* WHAT YOU NEED TO DO: From the listing below, restate word for word the lines from the line containing "RITEX LongTime-olja, 50 ml" down through the line containing "Used 2022 MAZDA". Exclude pictures.

* INPUT RECORDS:
■ ■ ■
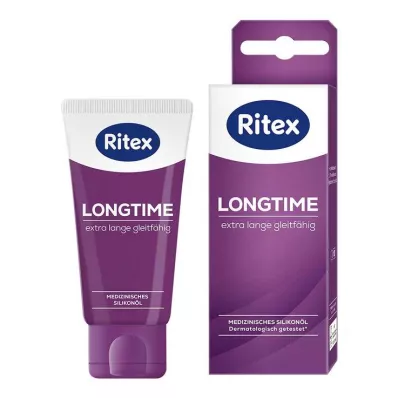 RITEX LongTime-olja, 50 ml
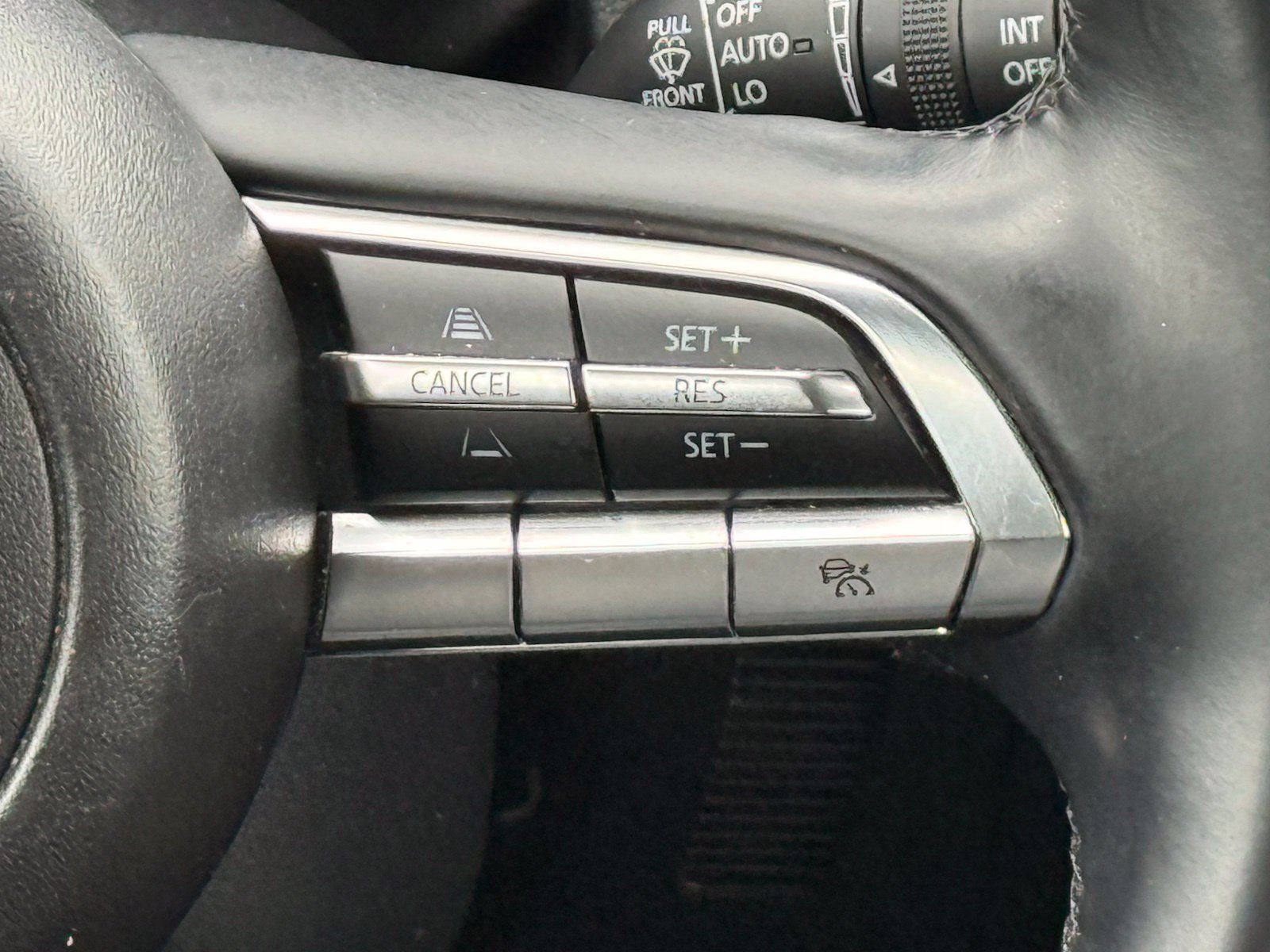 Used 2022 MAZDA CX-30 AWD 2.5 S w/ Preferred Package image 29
■ ■ ■
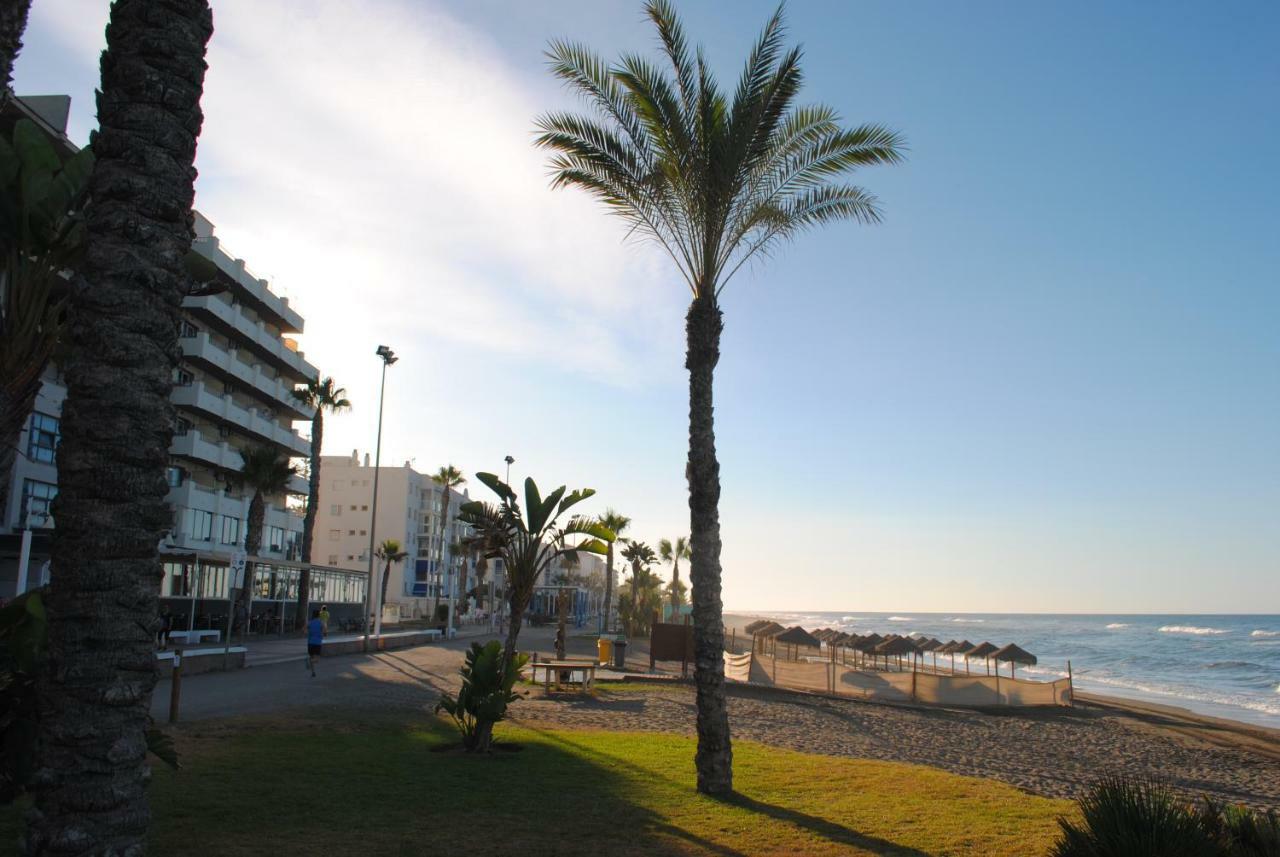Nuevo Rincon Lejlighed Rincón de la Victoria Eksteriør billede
■ ■ ■
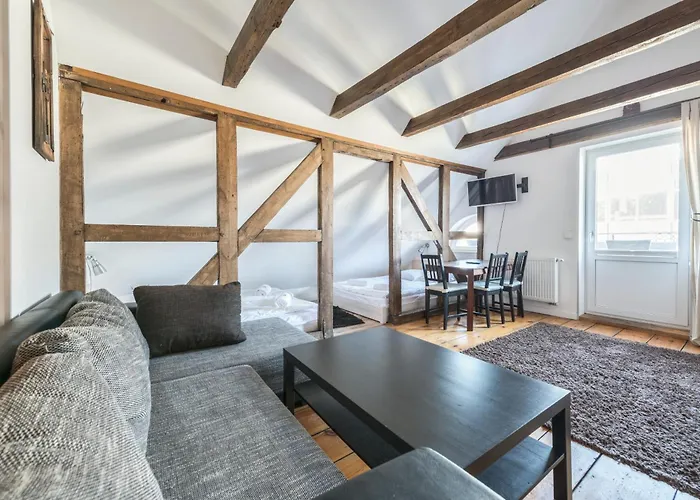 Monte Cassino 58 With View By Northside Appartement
■ ■ ■
* EXERCISE RESPONSE:
 RITEX LongTime-olja, 50 ml
 Used 2022 MAZDA CX-30 AWD 2.5 S w/ Preferred Package image 29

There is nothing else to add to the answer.